This water demand isn’t necessarily just from lawn-care maniacs. Some who live outside city limits rely on private wells instead of the municipal water system. If their wells fail, residents must get on a wait list to drill a new well, which can take months. Even then, they have to foot the drilling costs. Though officials don’t know how many private wells have dried up, officials suspect they’re on the rise.

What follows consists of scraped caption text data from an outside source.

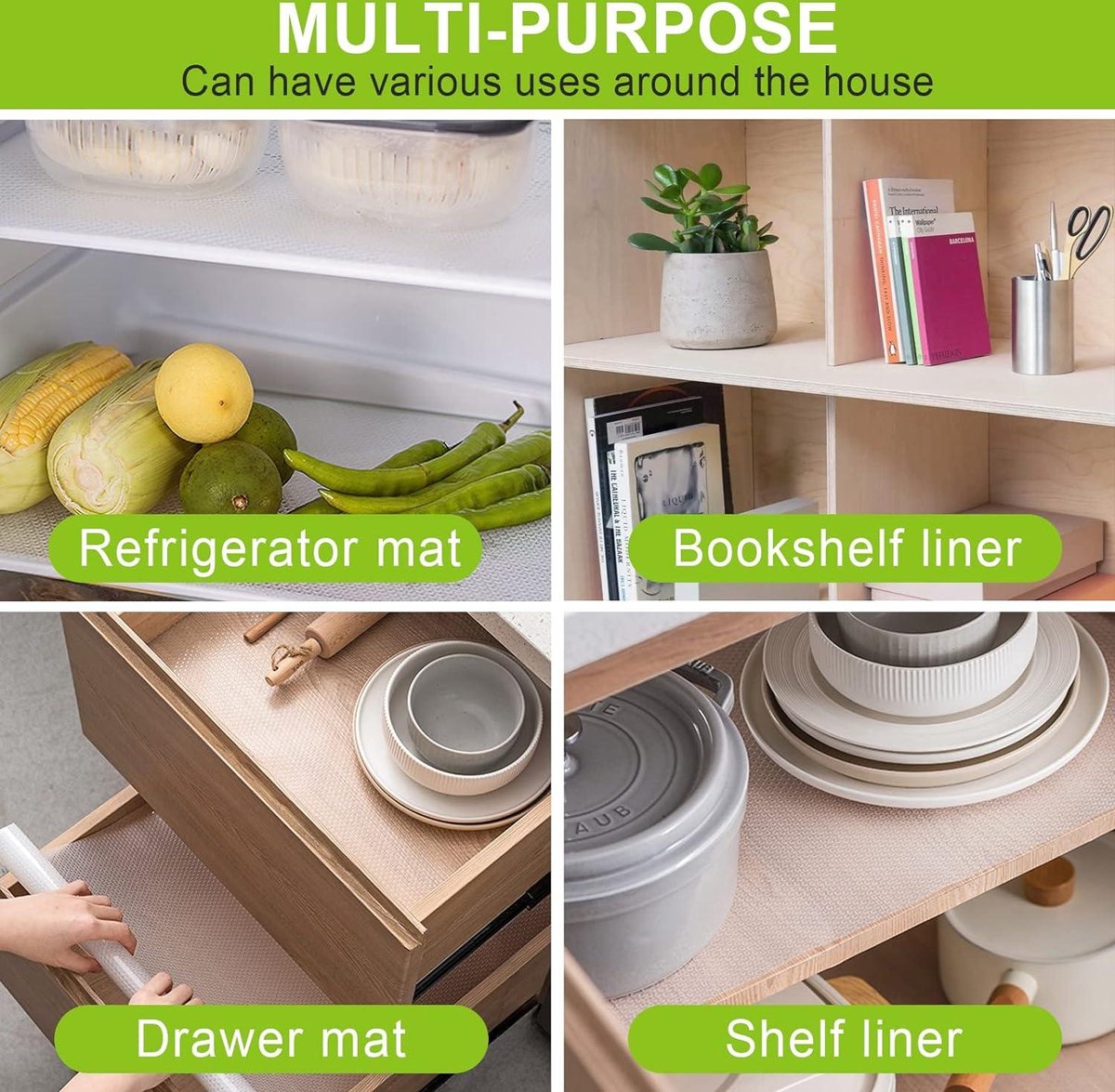 AiQInu Lade Matten - Antislip EVA Matten Op Maat Te Snijden Voor Keukenlades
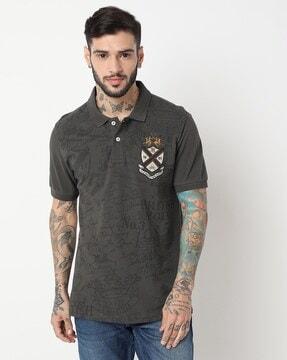 typographic print polo t-shirt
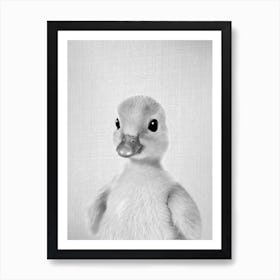 Duckling 2 - Black & White Art Print
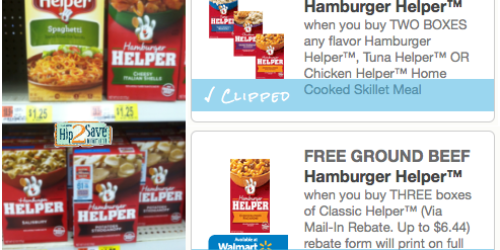 Rare FREE Ground Beef ($6.44 Value) with Purchase of 3 Hamburger Helper Boxes Rebate + Walmart Scenario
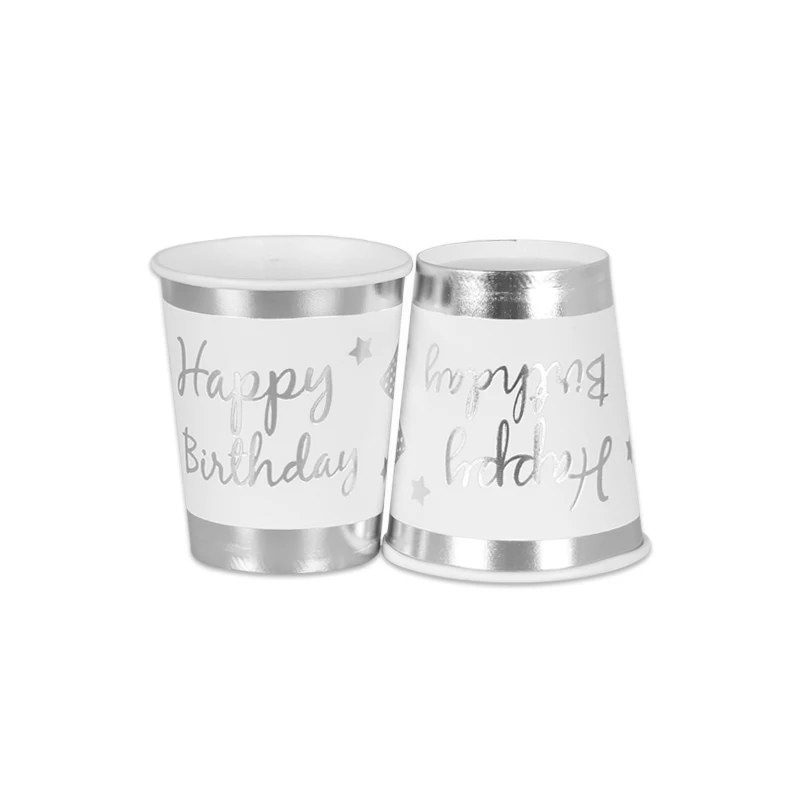 10 шт. одноразовые столовые приборы бумажные тарелки соломенная чашка золотого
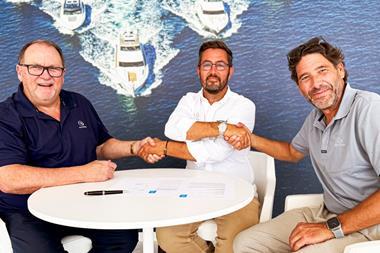 Riviera Monaco Dealer with Wes Moxey, Riviera CEO with Alex Treleani, Monaco Boat Group Managing Director and Chris McCafferty Riviera International Sales Director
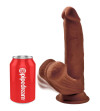 KING COCK - BALLES GODE 3D PLUS 24.5 CM MARRON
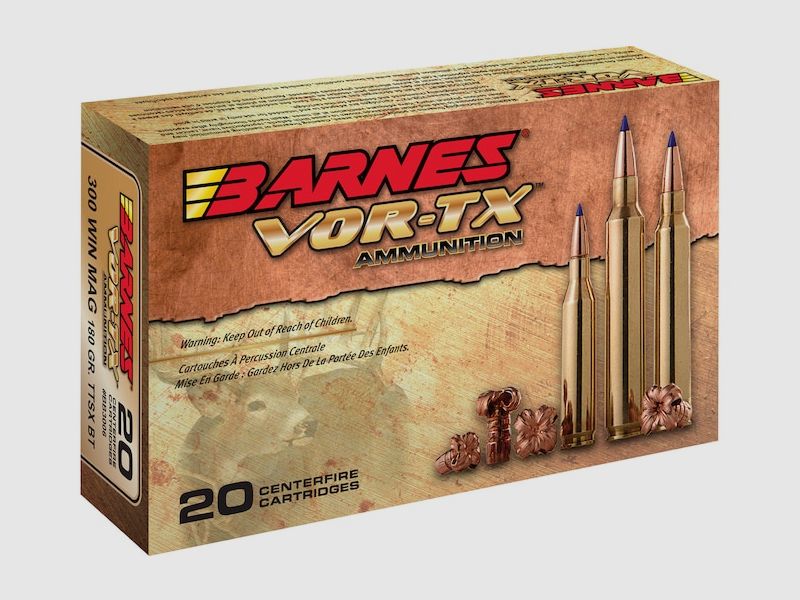 Barnes VOR-TX .300 Win. Mag. 180GR Tipped TSX Boat Tail 20 Patronen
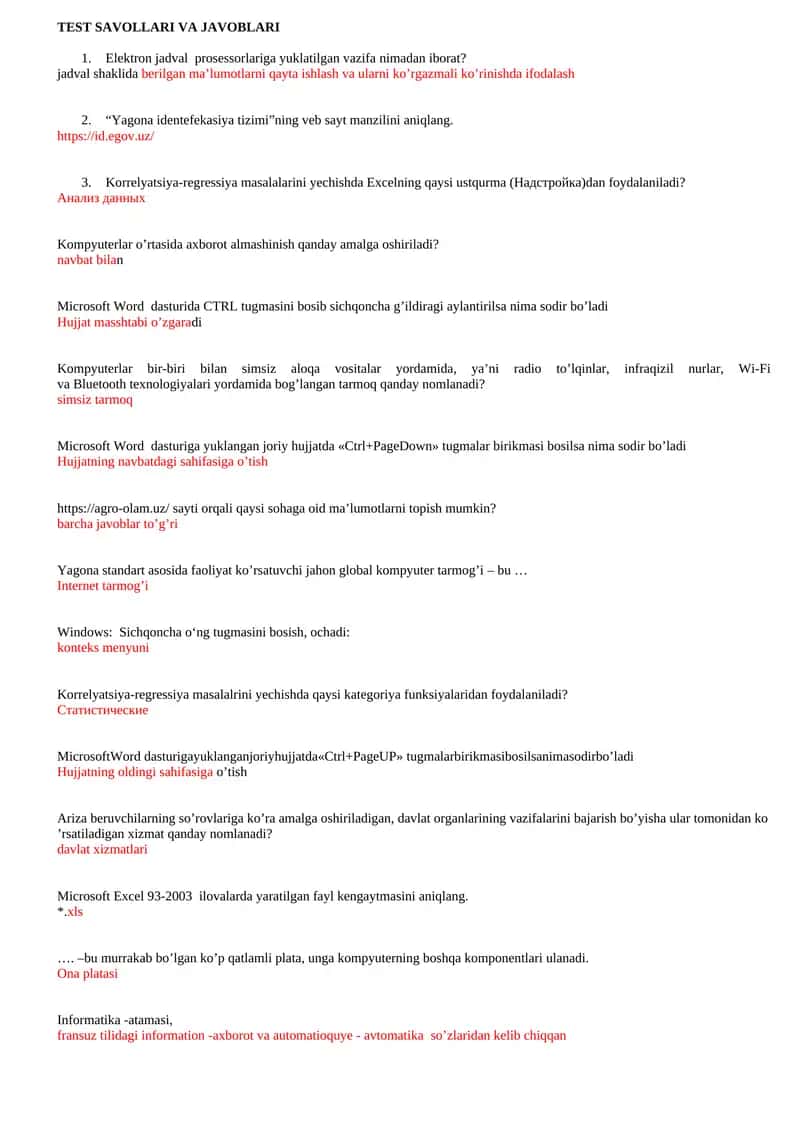 TEST SAVOLLARI VA JAVOBLARI 1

But some water needs are less desperate than others. For instance, six Modesto residents face $1,500 in fines for stealing water from a local canal: One man charged with illegal siphoning was allegedly using the water to irrigate grass for his two miniature ponies. As of May, the wealthy but arid Santa Barbara suburb of Montecito—where Oprah Winfrey, Eric Schmidt, Ellen DeGeneres, and George Lucas, among other luminaries, live—had racked up $532,000 in fines for the overuse of about 13 million gallons of water, much of it likely for elegant landscaping.
In Central California, illegal marijuana operations are siphoning off water from streams that supply an American Indian tribe. As we’ve noted in the past, marijuana cultivation is highly water-intensive; a single plant needs about six gallons a day to grow. Law enforcement officials found 10 miles of plastic irrigation pipes and seven reservoirs—some of them capable of storying 5,000 gallons—draining water off a river 70 miles northeast of Bakersfield. ”They had every spring, every drop of water dammed up and diverted to the plants,” said Lt. Patrick Foy, spokesman for the state’s fish and wildlife department.